Filatov Anton, Filatov Artyom, Krinkin Kirill Saint-Petersburg Electrotechnical University “LETI”
St. Petersburg, Russia
ant.filatov, art32fil@gmail.com, kirill.krinkin@fruct.org
Chen Baian, Molodan Diana Massachusetts Institute of Technology
Cambridge, USA
baian, molodan@mit.edu
###### Abstract

SLAM (Simultaneous Localization and mapping) is one of the most challenging problems for mobile platforms and there is a huge amount of modern SLAM algorithms. The choice of the algorithm that might be used in every particular problem requires prior knowledge about advantages and disadvantages of each algorithm. This paper presents the approach for comparison of SLAM algorithms that allows to find the most accurate one. The accent of research is made on 2D SLAM algorithms and the focus of analysis is 2D map that is built after algorithm performance. Three metrics for evaluation of maps are presented in this paper.

## I Introduction

SLAM is a part of navigation problem for mobile platforms that involves capturing the data from sensors and then simultaneously creating map and determining their location on this map. Tasks that use SLAM are widespread nowadays and there exists a huge amount of algorithms that solve problems of simultaneous localization and mapping. They vary by types of sensors, ways of storing data, math apparatus for handling scan data, etc. Comparing the available algorithms and choosing the one best suited for a given environment is a challenge unto itself.

To estimate a SLAM algorithm quality means to estimate the accuracy of it’s results that may be determined by the map and trajectory of the mobile platform that were built during the run. The easiest way to compare results of several algorithms on the same data sequence is to calculate each difference between the built map and the ground truth map (i.e. the absolute one). However, ground truth maps are not available for many valuable datasets. For these data sequences, even when they have accompanying ground truth trajectories, it is complicated to extract a map against which the map built by the SLAM algorithm can be compared. If the data set has no ground truth, one must estimate the quality of an algorithm’s results by other means. To the best of authors knowledge, there are few such methods available.
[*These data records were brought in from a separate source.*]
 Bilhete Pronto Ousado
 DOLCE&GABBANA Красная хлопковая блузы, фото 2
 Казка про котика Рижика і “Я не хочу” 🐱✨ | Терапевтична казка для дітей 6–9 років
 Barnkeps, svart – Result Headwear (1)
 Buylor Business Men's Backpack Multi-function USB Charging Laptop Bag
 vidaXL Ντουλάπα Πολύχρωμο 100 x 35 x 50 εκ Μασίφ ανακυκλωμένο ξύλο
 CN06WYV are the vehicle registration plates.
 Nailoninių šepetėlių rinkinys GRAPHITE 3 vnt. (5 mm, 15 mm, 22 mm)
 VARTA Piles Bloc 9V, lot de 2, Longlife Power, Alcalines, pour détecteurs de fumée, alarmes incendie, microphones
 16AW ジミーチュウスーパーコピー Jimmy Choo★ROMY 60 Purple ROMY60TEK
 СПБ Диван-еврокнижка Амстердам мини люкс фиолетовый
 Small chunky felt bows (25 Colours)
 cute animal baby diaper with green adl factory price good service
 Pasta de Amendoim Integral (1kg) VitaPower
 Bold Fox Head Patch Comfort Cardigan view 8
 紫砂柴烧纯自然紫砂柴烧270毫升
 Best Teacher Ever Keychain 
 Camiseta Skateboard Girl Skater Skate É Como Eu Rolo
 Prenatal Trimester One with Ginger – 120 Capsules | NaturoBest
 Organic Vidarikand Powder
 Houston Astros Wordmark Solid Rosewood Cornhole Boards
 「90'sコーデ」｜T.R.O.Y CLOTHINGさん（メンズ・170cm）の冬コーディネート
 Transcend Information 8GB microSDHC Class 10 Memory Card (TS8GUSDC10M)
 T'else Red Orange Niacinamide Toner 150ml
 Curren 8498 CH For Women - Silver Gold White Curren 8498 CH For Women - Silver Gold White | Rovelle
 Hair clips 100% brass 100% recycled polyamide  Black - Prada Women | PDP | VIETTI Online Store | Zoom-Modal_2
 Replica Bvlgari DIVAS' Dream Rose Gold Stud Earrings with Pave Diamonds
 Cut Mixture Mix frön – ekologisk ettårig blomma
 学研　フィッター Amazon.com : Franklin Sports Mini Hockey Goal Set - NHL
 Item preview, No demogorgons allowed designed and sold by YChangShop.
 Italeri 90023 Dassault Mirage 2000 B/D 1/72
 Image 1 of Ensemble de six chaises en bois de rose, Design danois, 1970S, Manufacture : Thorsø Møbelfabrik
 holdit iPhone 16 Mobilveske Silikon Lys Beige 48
The goal of this paper is to present methods for quantitative evaluation of 2D laser SLAM algorithm quality. The object of consideration is a result map, and by its visually assessing, it is possible to find out which algorithm creates the best map, i.e., to determine which map contains the lowest amount of noise, the most accurate walls, the lowest amount of artifacts etc. Some metrics of quantitative estimation are presented in this paper.

The framework that evaluates the maps is also presented in this paper. The maps that are built with each considered algorithm are compared using several metrics and a score is assigned for each run. In this way, it is possible to a ranking of SLAM algorithms even if the ground truths for are not provided for the considered datasets.

Properties of algorithms such as performance speed or map resolution were not considered because the main goal was to judge the accuracy of the output. Thus, all of the algorithms had enough resources and were set up with the same map resolution.

The paper is structured as follows: the state-of-art in SLAM algorithm evaluation is presented in section II, section III contains the description of metrics that are used for algorithms evaluation, section IV describes the framework for estimation, and in section V one can find experimental results for considered SLAM algorithms.

## Ii State-of-Art

The evaluation of SLAM algorithms has always been an important but challenging problem. The most trivial and accurate way to evaluate an estimated map produced by SLAM algorithm quantitatively is by using distance from the ground truth map as in [1]. This should be the best possible way to evaluate an estimated map in principle, except for the fact that in practice, the expectation of estimated maps may slightly vary. Using different distance criteria, the evaluation metrics may favor a sharper or a more conservative map. Other features like favoring either false positive or false negative results could also be reflected by the selection of a proper criterion. As an example, in [1], the selected criterion is normalized distance in terms of k-nearest neighbor.

However, this trivial but accurate and straightforward approach is usually much less feasible in real life cases, where ground truth maps are really hard to obtain. A commonly used alternative, as seen in [2], is to compare estimated trajectory with ground truth trajectory. In [2], root-mean-square error (RMSE) is selected as the criterion for this metric. Compared to a ground truth map, a ground truth trajectory is much easier to obtain in practice, so that even though it is not as straightforward as using a ground truth map to evaluate the estimated map, comparison between the estimated trajectory and the ground truth trajectory is actually one of the most widely used metrics in real life situations.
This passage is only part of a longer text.